▶ _WORK TO BE COMPLETED_: Everything from the line containing "come - Poultry" through the final line of the records must be transcribed verbatim; nothing else belongs in the result.

---

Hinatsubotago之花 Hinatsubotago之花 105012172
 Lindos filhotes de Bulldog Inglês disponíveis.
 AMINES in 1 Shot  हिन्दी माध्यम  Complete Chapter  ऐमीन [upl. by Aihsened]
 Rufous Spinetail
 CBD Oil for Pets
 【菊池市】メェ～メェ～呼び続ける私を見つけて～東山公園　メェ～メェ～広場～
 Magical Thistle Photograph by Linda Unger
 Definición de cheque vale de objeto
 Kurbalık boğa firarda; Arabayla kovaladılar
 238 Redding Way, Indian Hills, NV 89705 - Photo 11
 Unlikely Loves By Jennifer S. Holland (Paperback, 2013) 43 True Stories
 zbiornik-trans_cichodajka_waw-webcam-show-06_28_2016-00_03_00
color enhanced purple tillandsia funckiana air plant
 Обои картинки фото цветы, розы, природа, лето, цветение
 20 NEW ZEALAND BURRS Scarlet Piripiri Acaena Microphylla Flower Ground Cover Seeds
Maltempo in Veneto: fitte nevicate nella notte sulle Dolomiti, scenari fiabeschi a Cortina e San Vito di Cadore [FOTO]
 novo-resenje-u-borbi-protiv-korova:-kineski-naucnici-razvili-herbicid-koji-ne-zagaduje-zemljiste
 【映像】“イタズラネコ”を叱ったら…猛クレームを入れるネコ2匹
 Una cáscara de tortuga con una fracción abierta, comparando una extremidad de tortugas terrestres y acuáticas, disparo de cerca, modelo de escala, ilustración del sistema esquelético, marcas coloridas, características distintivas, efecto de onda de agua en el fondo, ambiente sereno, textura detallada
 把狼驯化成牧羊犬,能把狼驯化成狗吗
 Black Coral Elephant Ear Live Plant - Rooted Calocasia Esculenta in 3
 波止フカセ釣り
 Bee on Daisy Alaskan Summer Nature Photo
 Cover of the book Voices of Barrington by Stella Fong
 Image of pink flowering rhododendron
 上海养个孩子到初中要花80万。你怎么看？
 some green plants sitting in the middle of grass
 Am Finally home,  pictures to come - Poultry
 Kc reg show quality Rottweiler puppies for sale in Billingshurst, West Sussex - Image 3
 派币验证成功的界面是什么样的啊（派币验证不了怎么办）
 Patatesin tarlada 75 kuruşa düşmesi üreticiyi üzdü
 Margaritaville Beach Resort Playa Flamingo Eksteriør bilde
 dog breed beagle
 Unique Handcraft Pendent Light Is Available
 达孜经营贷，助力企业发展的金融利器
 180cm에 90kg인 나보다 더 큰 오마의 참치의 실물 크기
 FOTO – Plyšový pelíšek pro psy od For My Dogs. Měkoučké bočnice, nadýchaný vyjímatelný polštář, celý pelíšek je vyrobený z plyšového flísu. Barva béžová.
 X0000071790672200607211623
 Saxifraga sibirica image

---

▶ _WRITTEN RESPONSE_:
 Am Finally home,  pictures to come - Poultry
 Kc reg show quality Rottweiler puppies for sale in Billingshurst, West Sussex - Image 3
 派币验证成功的界面是什么样的啊（派币验证不了怎么办）
 Patatesin tarlada 75 kuruşa düşmesi üreticiyi üzdü
 Margaritaville Beach Resort Playa Flamingo Eksteriør bilde
 dog breed beagle
 Unique Handcraft Pendent Light Is Available
 达孜经营贷，助力企业发展的金融利器
 180cm에 90kg인 나보다 더 큰 오마의 참치의 실물 크기
 FOTO – Plyšový pelíšek pro psy od For My Dogs. Měkoučké bočnice, nadýchaný vyjímatelný polštář, celý pelíšek je vyrobený z plyšového flísu. Barva béžová.
 X0000071790672200607211623
 Saxifraga sibirica image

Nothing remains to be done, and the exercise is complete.